Like the others said, I'd always go and get a flat top rifle. As far as the carry handle ever coming off, it never did on mine before I replaced it, and I never even used tools I just kept it finger tight with the thumb screws. You can certainly use a screw driver to tighten it well beyond finger tight. In addition to that, you can use a little bit of blue loctite if you want to be doubly sure it stays. I loctite everything that could potentially fall off because that could be catastrophic if I ended up having to fight for my life.

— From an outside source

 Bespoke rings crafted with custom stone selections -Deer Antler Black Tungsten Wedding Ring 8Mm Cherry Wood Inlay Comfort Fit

However, Jim, if you really want an A2 then get an A2. We can't tell you what you want. We're just trying to help you get the best rifle you can for your money. A lot of people like the retro M16's with the triangular handguards. It's not for me but we all have our niche. Some of us slap all kinds of unnecessary "tactical" accessories on our guns (you might put me in that category :P), others like the KISS philosophy. I like both a lot (seems contradictory, doesn't it?) so I'm going to actually be putting together another rifle and leaving it very "plain jane."

Anyway, just thought I'd share a few thoughts. If you want to get an A2, then just go get one man! You know what you want, we're just trying to help you get something that you'll love when you get it and as you find things you don't like about it you'll be able to make changes to the gun without having to start over and buying a whole new gun. The flat-top gives you that kind of versatility.

JimP:
Just on the principle that "Flat-tops have better resale value" because err-body wants an A-4....... that should make an A-2 cheaper, right? I have 5 kids and a gun collection to feed, after all........

Dan W:
I think you will find that an A2 is a pain in the rear to put optics on, and if you have a virulent strain, you WILL put optics on

FarmerRick:

--- Quote from: Dan W on August 02, 2009, 09:08:55 AM ---I think you will find that an A2 is a pain in the rear to put optics on, and if you have a virulent strain, you WILL put optics on

--- End quote ---

Agreed.  I will most likely be swapping mine to flat-top configuration when I decide what optic I want to use.

Rich B:

--- Quote from: JimP on July 29, 2009, 07:17:43 PM ---
--- Quote from: Rich B on July 29, 2009, 06:51:08 PM ---Don't buy a 6.8 SPC as a first AR.  Ammo costs are prohibitive.


--- End quote ---

Not an issue, as I handload...... plus, the 6.8 uses .277 bullets, no? I already keep those in stock.....

....still, I want a 5.56/.223......

--- End quote ---

Price the brass, it's quite a bit more expensive.  Also, I *think* 6.8 can't use all .277 bullets - only certain weights and shapes - most of which are more expensive than the 55gr and 62gr pills .223 uses.

I'd weep if I had to pay for 6.8 ammo for a carbine class.